Saturday, Debtember 13, 2003
The non-communities of today
Locals joke that the way things are going, somebody will eventually have to build a Las Vegas, Las Vegas—a miniature version of the Strip inside a hotel on the Strip, so you can avoid the Strip and still experience it.
Which is something the casual visitor might dearly wish to do, because the experience of actually being on this gigantic motorway lined by buildings of such monstrous scale—or, at some stretches, vacant lots that appear to be the size of Rhode Island—is not apt to gratify many human beings with normal neurological equipment. In fact, if ever a setting was designed to ravage the central nervous system and induce acute agoraphobia, the Strip is it.
When I mentioned the bit about oneday someone will build Las Vegas, Las Vegas to Spring, she replied that she heard that it was already done.
Not that it surprises me about Las Vegas.

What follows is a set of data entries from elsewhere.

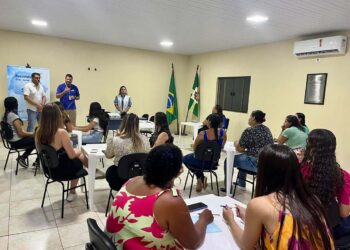Prefeito acompanha aula inaugural de mais  um curso de capacitação no município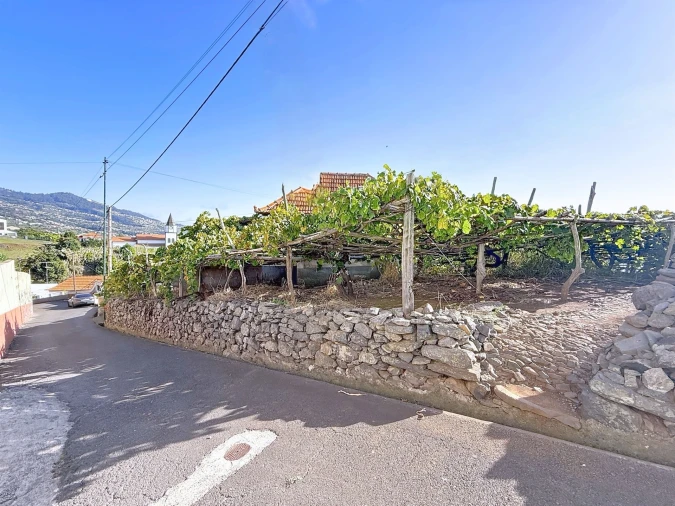 Moradia T3 para Venda em Calheta Foto 40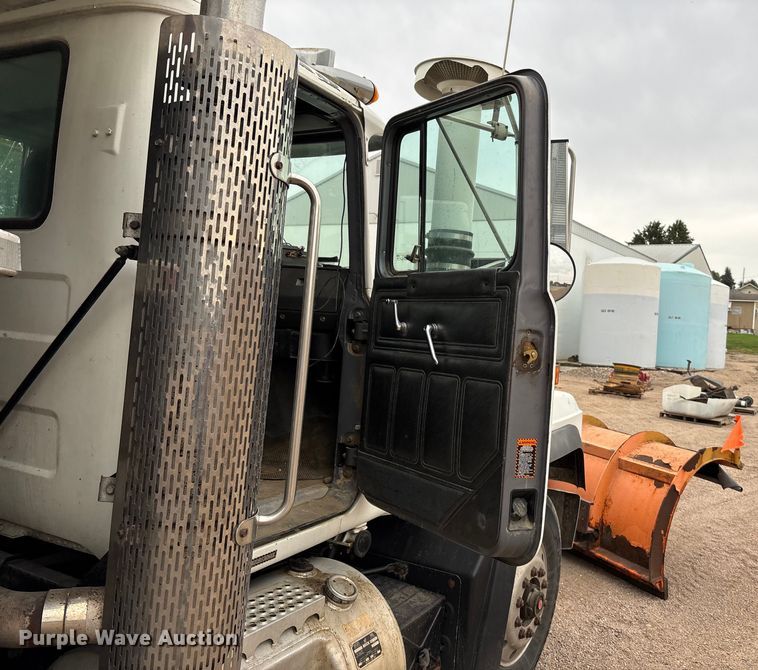 image for item ET4700 1998 Mack RD688S dump truck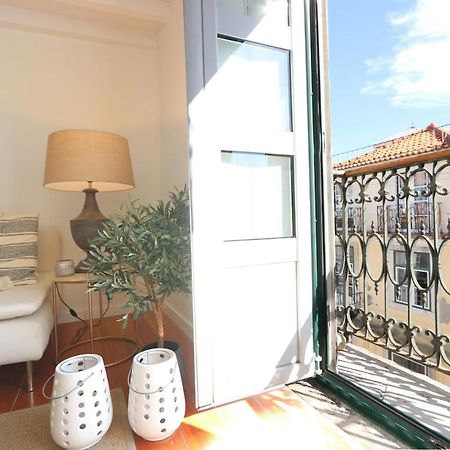 Апартаменты Chic Urban Retreat At Downtown With Balcony & Views Лиссабон Экстерьер фото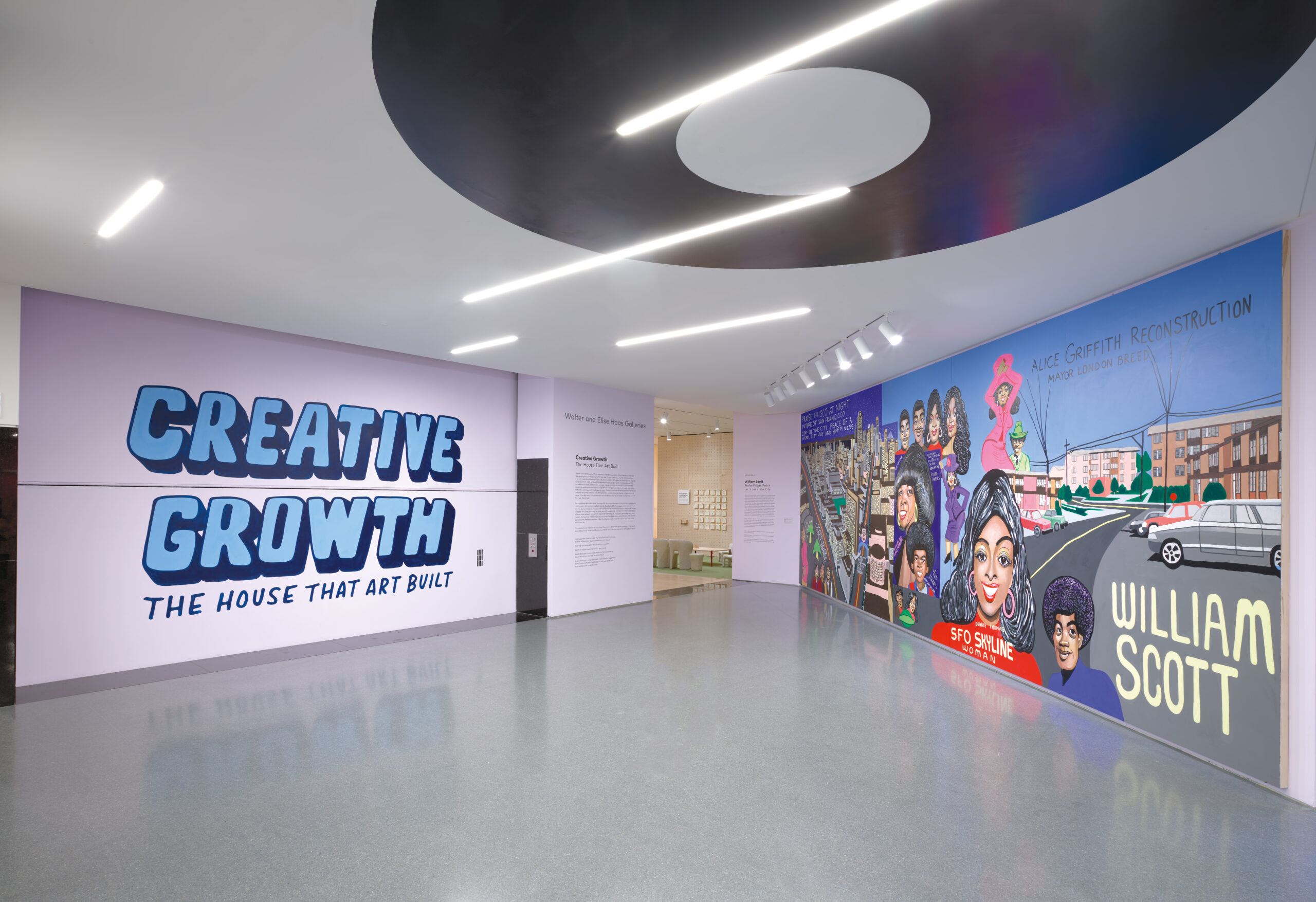Le mur droit de la salle d'exposition accueille une murale. Sur le mur gauche, il est possible de lire CREATIVE GROWTH en style graffiti. Les murs sont violet pâle. Le plancher est gris. Le plafond est blanc avec un cercle noir dont le centre est blanc.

I've been there on several occasions (mostly with my Dad, once with a friend) and the place is insane. There is no other word to describe it. Each hotel is trying to out do Disney World on a three mile strip of land in the middle of the desert.
The author, James Kunstler, is an urban design specialist and doesn't have nice things to say about Las Vegas. Well, James Kunstler doesn't have many nice things to say about sub urbia in general (and I agree with a lot of his points; in fact, I think zoning laws have destroyed our communities way more than sex, drugs or rock-n roll).
Though the National Defense Interstate Highway System originally had been intended for just such mass evacuations, it had actually never been tested to this degree before. And, let.s face it, 1959 standards probably didn.t apply anymore. For one thing, the sheer number of motor vehicles was up exponentially. Not in forty-odd years, either, had a hurricane so large and fearsome behaved quite so erratically, and, what with the Federal Emergency Management Agency (FEMA) all cranked up to grandstand for the CNN audience, and virtually every county and municipality along the southeast coast issuing official evacuation orders, the system had clogged up like the porkfat-lined vascular system of a baby boom Bubba behind the wheel of his beloved suburban utility vehicle (SUV), and, Lordy, the entire fretful coastal plain had become a united parking lot.
Atlanta: Does Edge City Have a Future?
Last month, at the request of my friend Hoade, I drove around Margate (and Coral Springs, Coconut Creek and North Lauderdale), a town (towns) we grew up in) and took pictures. A CVS pharmacy (which used to be Wags, a Denny's-like restaurant). A pet store (which used to be a two-screen movie theater). A dying strip mall (which used to be this huge empty field twenty years ago). A pre-school (which used to be a restaurant). A bingo hall (which used to be a grocery store).